Goal of the exercise ▸
Leave the images out, and otherwise write out each entry exactly.

Provided records ▸
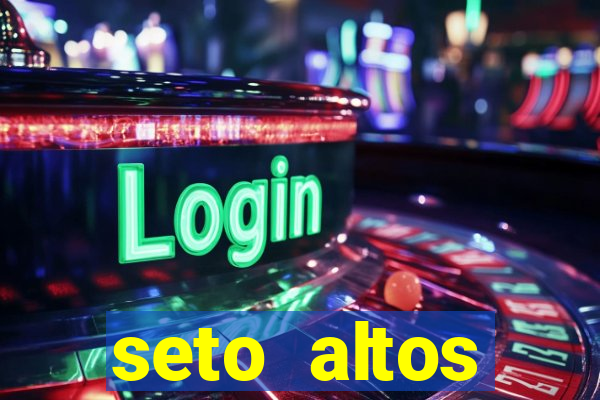 seto altos parâmetros para mim e para os outros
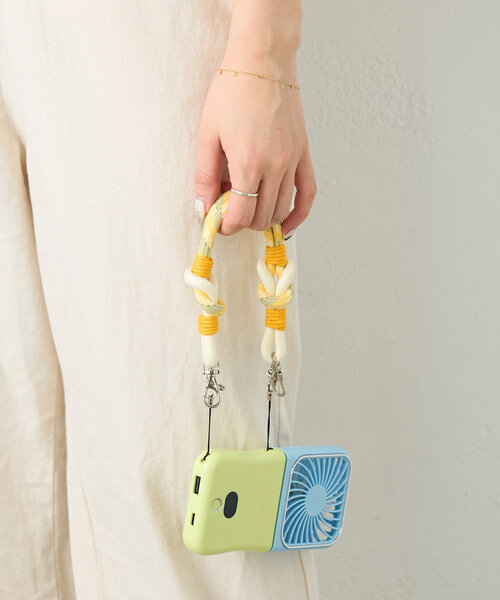 BIRTHDAY BAR（バースデイバー）の「パラコードファンストラップ ショート（スマホグッズ・レディース・ブルー系その他/イエロー/ピンク・0）」の10枚目の写真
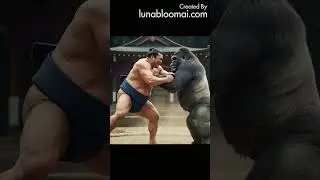 Epic Battle: Japanese Sumo Wrestler vs Silverback Gorilla &ndash; You Won&rsquo;t Believe Who Wins!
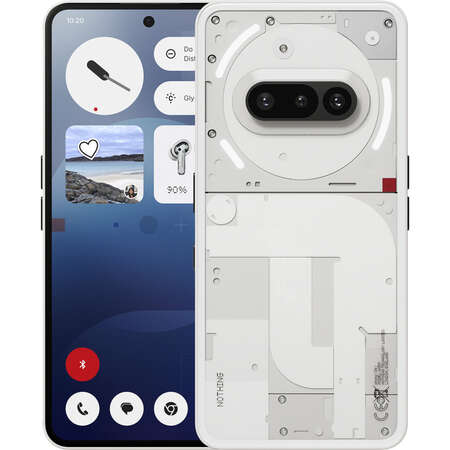 Telefon mobil Nothing Phone 3a 256GB 12GB RAM Dual Sim 5G White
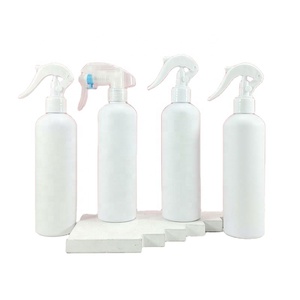 ขวดสเปรย์พลาสติกทรงกลมสีขาวขนาด 300 มล. รุ่น PE Trigger Spray Bottles ปี 2026 สำหรับน้ำหอม - Product Image 2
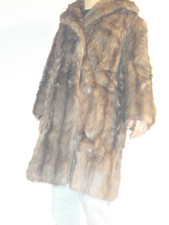 Cappotto pelliccia visone usato  Torino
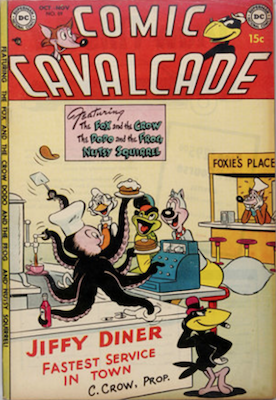 Comic Cavalcade #59. Click for current values.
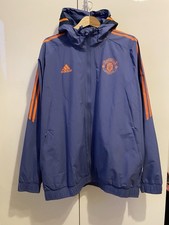 Adidas Manchester United Condition 22 All- Weather Jacket Size XL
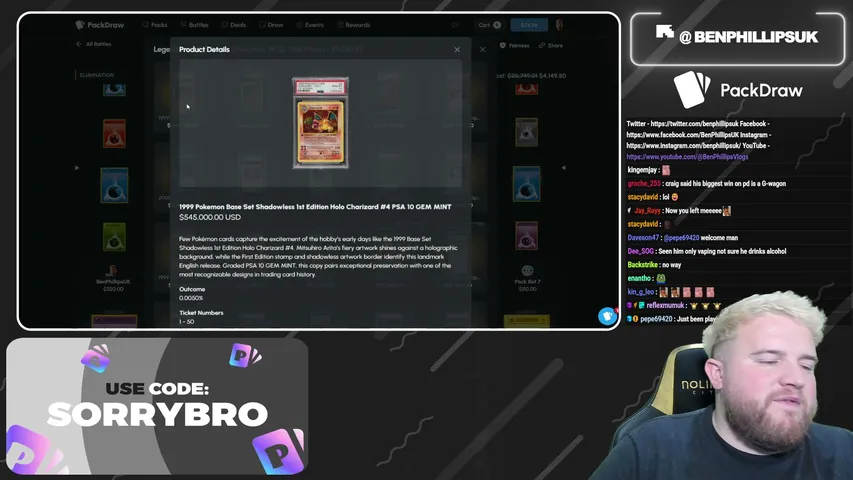 benphillips playing Slots & Casino - Live Casino Stream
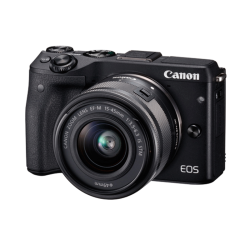 Canon 佳能 EOS M3 （15-45mm）无反相机套机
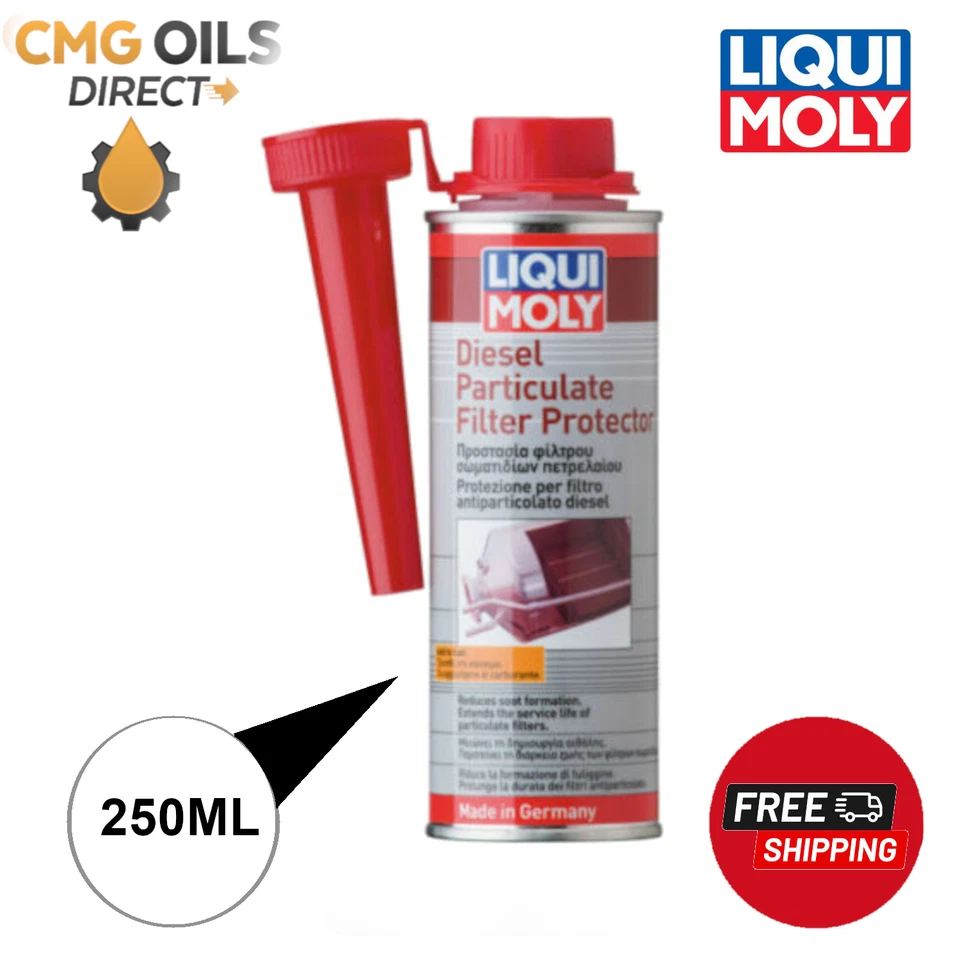 LIQUI MOLY (7180) DIESEL PARTICLATE FILTER PROTECTOR- DPF - 250ML* - Image 1 of 1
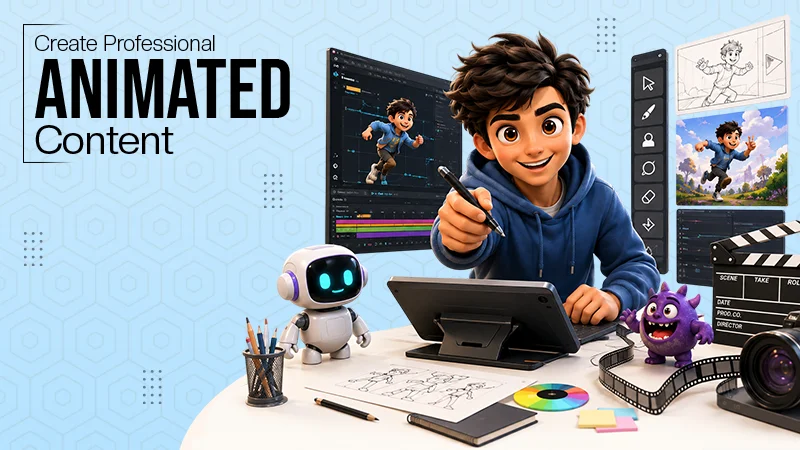 Professional Animated Content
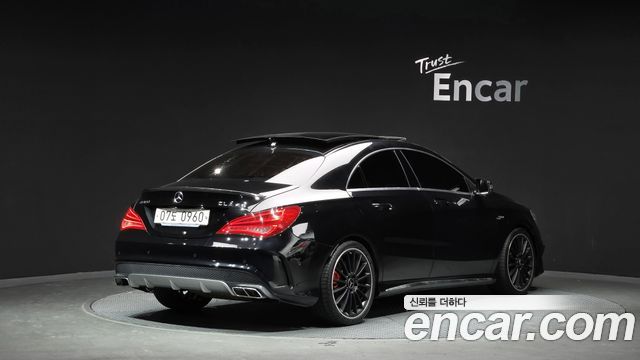 Mercedes-Benz CLA-Class CLA45 AMG 4MATIC — пробег 79 639 км — фото 2 из 5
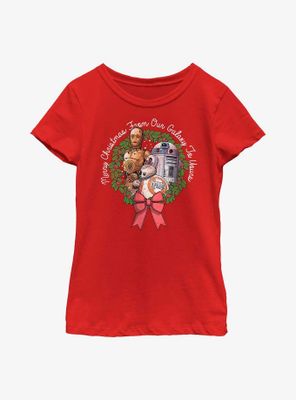 Star Wars From Our Galaxy To Yours Youth Girls T-Shirt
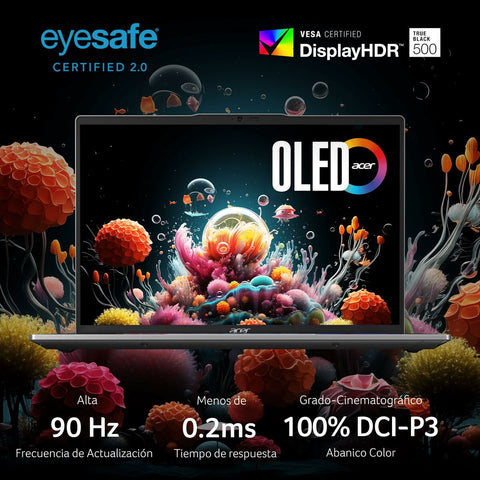 Laptop Acer NX.KWMEB.002 14" Intel Core Ultra 7 155u 16 GB RAM 512 GB SSD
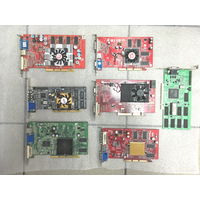 Видеокарты AGP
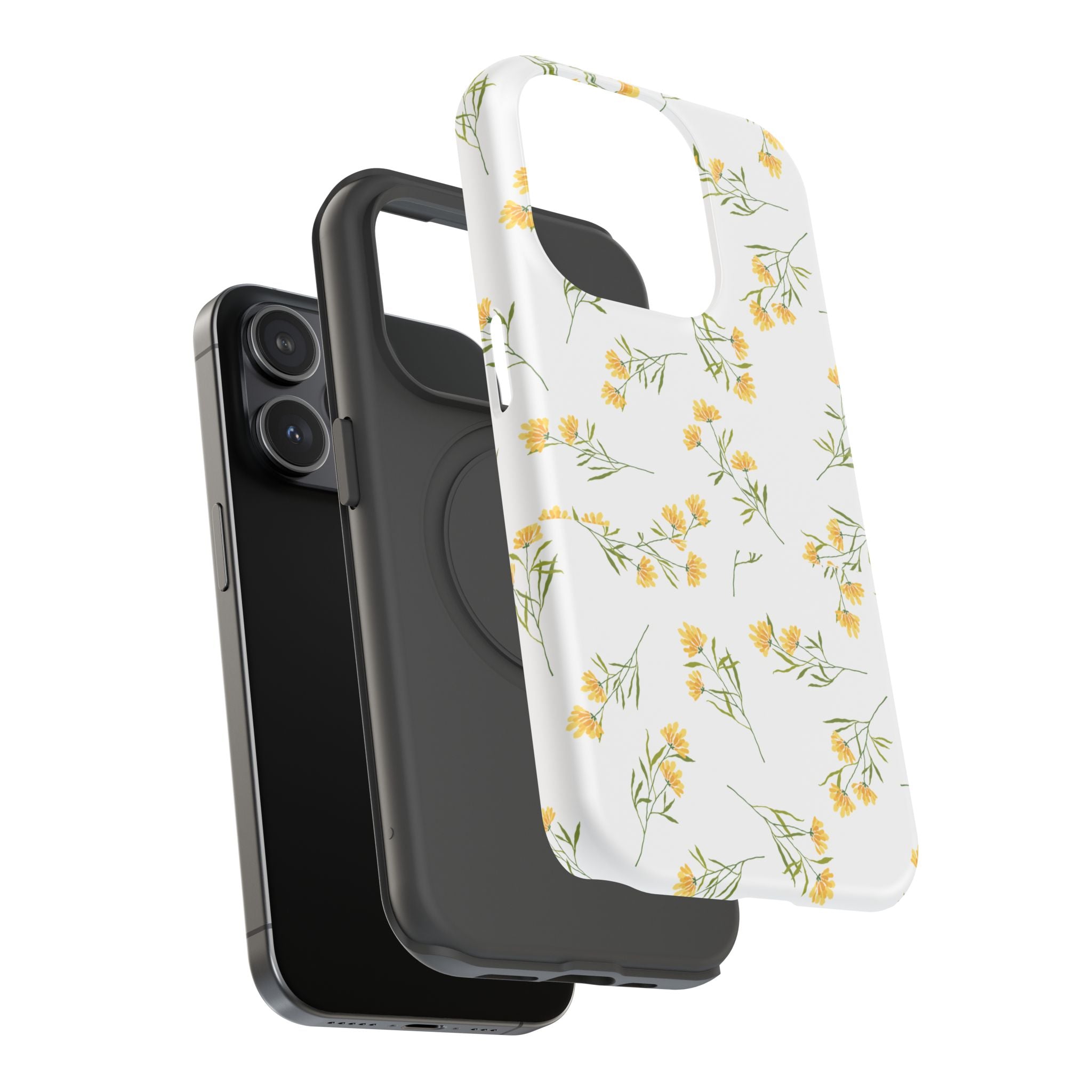 Floral Impact-Resistant Case | Durable Phone Cover, Gift for Nature Lovers, Trendy Floral Design, Protective Case for Every Occasion, [...]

Exercise answer ▸
 seto altos parâmetros para mim e para os outros
 BIRTHDAY BAR（バースデイバー）の「パラコードファンストラップ ショート（スマホグッズ・レディース・ブルー系その他/イエロー/ピンク・0）」の10枚目の写真
 Epic Battle: Japanese Sumo Wrestler vs Silverback Gorilla &ndash; You Won&rsquo;t Believe Who Wins!
 Telefon mobil Nothing Phone 3a 256GB 12GB RAM Dual Sim 5G White
 ขวดสเปรย์พลาสติกทรงกลมสีขาวขนาด 300 มล. รุ่น PE Trigger Spray Bottles ปี 2026 สำหรับน้ำหอม - Product Image 2
 Cappotto pelliccia visone usato  Torino
 Comic Cavalcade #59. Click for current values.
 Adidas Manchester United Condition 22 All- Weather Jacket Size XL
 benphillips playing Slots & Casino - Live Casino Stream
 Canon 佳能 EOS M3 （15-45mm）无反相机套机
 LIQUI MOLY (7180) DIESEL PARTICLATE FILTER PROTECTOR- DPF - 250ML* - Image 1 of 1
 Professional Animated Content
 Mercedes-Benz CLA-Class CLA45 AMG 4MATIC — пробег 79 639 км — фото 2 из 5
 Star Wars From Our Galaxy To Yours Youth Girls T-Shirt
 Laptop Acer NX.KWMEB.002 14" Intel Core Ultra 7 155u 16 GB RAM 512 GB SSD
 Видеокарты AGP
 Floral Impact-Resistant Case | Durable Phone Cover, Gift for Nature Lovers, Trendy Floral Design, Protective Case for Every Occasion, [...]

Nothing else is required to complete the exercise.